Opinion
NO. CIV-16-995-HE
12-05-2016
ORDER
Plaintiff Employers Mutual Casualty Company ("Employers") filed this action seeking a declaratory judgment that it owed no more to its insured, defendant W-W Trailer Manufacturers, Inc. ("W-W Trailer"), than it had already paid on W-W Trailer's insurance claim. W-W Trailer answered the complaint and filed a counterclaim asserting claims for breach of contract and bad faith. Employers has moved to dismiss the bad faith claim pursuant to Fed.R.Civ.P. 12(b)(6).
When considering whether a claim should be dismissed under Fed.R.Civ.P. 12(b)(6), the court accepts all well-pleaded factual allegations as true and views them in the light most favorable to the nonmoving party.

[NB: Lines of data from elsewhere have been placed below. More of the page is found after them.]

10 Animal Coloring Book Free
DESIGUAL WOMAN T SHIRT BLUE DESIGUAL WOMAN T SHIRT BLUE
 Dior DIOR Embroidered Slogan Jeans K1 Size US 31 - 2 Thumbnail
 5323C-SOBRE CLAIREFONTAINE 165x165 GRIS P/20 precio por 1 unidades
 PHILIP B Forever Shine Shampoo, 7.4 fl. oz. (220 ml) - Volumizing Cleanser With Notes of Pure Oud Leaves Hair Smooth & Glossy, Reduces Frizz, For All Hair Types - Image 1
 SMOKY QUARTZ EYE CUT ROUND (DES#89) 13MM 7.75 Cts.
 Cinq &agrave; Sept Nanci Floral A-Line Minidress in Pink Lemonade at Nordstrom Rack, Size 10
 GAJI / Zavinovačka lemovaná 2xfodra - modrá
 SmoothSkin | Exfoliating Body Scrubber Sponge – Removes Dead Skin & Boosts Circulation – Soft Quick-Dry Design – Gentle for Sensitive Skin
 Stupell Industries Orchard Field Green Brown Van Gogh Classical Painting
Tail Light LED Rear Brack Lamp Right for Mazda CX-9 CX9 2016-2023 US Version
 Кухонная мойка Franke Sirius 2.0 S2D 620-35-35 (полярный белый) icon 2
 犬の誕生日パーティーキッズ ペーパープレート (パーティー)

S.E.C. v. Shields, 744 F.3d 633, 640 (10th Cir. 2014). All that is required is "a short and plain statement of the claim showing that the pleader is entitled to relief." Fed.R.Civ.P. 8(a)(2). The pleading must, though, contain "enough facts to state a claim to relief that is plausible on its face" and "raise a right to relief above the speculative level." Bell All. Corp. v. Twombly, 550 U.S. 544, 570, 555 (2007). "'A claim has facial plausibility when the [party] pleads factual content that allows the court to draw the reasonable inference that the [opposing party] is liable for the misconduct alleged.'" Shields, 744 F.3d at 640 (quoting Ashcroft v. Iqbal, 556 U.S. 662, 678 (2009)). The Twombly/Iqbal pleading standard "is a middle ground between heightened fact pleading, which is expressly rejected, and allowing complaints that are no more than labels and conclusions or a formulaic recitation of the elements of a cause of action, which the Court stated will not do." Id. at 640-41 (quoting Khalik v. United Air Lines, 671 F.3d 1188, 1191 (10th Cir. 2012)).
"While the 12(b)(6) standard does not require that [a party] establish a prima facie case in [its] complaint, the elements of each alleged cause of action help to determine whether [that party] has set forth a plausible claim." Khalik, 671 F.3d at 1192. To establish a bad faith counterclaim under Oklahoma law, a party must prove more than a breach of the insurance contract. It must also establish that the insurer acted unreasonably and in bad faith in handling its claim. See Badillo v. Mid Century Ins. Co., 121 P.3d 1080, 1093 (Okla. 2005) (reciting the elements of a bad faith claim and identifying "the insurer's unreasonable, bad-faith conduct" as the "essence" of such a claim).
Here, defendant's counterclaim lacks any specific facts that would give rise to an inference of bad faith. Rather, it generally alleges that Employers breached its duty of good faith because it "[f]ailed to pay for a claim which it knew or through reasonable diligence should have known, is a covered loss" and because Employers "[w]rongfully, unreasonably, and intentionally failed to make payment to Trailer for covered claims, although this loss occurred over one year ago." Id. W-W Trailer does not present any other facts that would suggest that Employers acted in bad faith. The allegations do not state a basis for concluding that there is anything more here than a disagreement about the amounts owed under the policy. The counterclaim offers nothing beyond that but "labels and conclusions, and a formulaic recitation of the elements of a cause of action." Twombly, 550 U.S. at 555. That is insufficient.
Accordingly, Employers' partial motion to dismiss [Doc. #13] is GRANTED. The bad faith counterclaim is DISMISSED. Plaintiff is granted leave to amend its counterclaim within fourteen (14) days.
IT IS SO ORDERED
Dated this 5th day of December, 2016.